____ Data shown

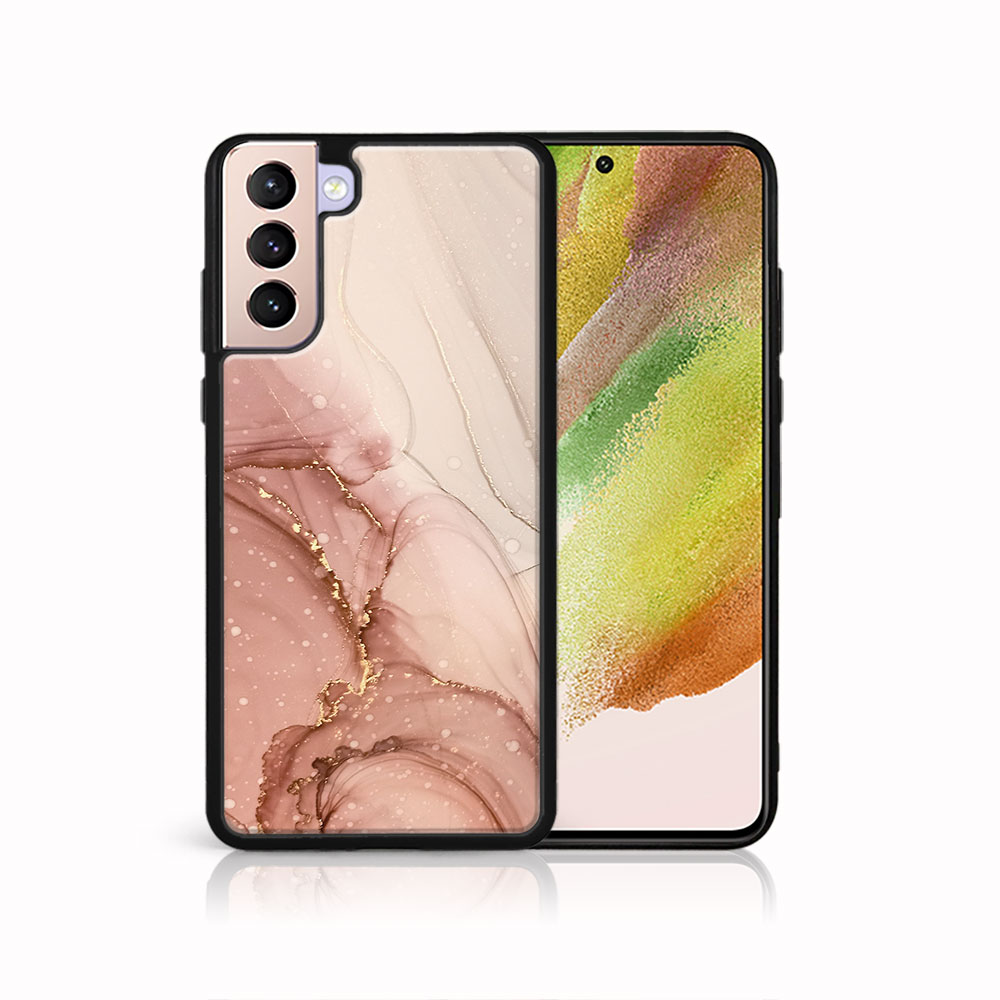 MY ART Védőtok Samsung Galaxy S22 5G SHIMMER (152) készülékhez akciós termékkép 1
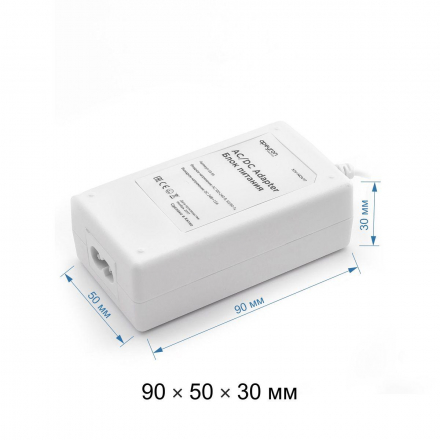 Блок питания Apeyron 24V 36W IP44 1,5A 03-59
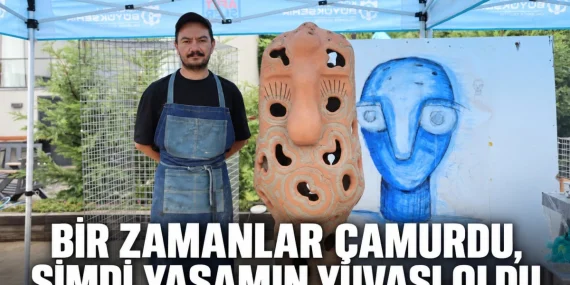İzmit Körfezi’nin dip çamuru yapay resife dönüştü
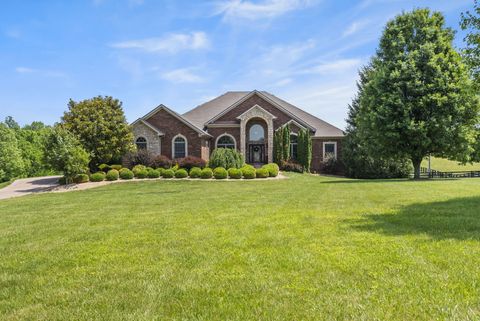 127 King Fisher Way, Midway, KY 40347 - #: 23010456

________

* **What is expected**
Every line above should be transcribed exactly, though no image should be carried over.

* **Problem solution**
 MY ART Védőtok Samsung Galaxy S22 5G SHIMMER (152) készülékhez akciós termékkép 1
 Блок питания Apeyron 24V 36W IP44 1,5A 03-59
İzmit Körfezi’nin dip çamuru yapay resife dönüştü
 127 King Fisher Way, Midway, KY 40347 - #: 23010456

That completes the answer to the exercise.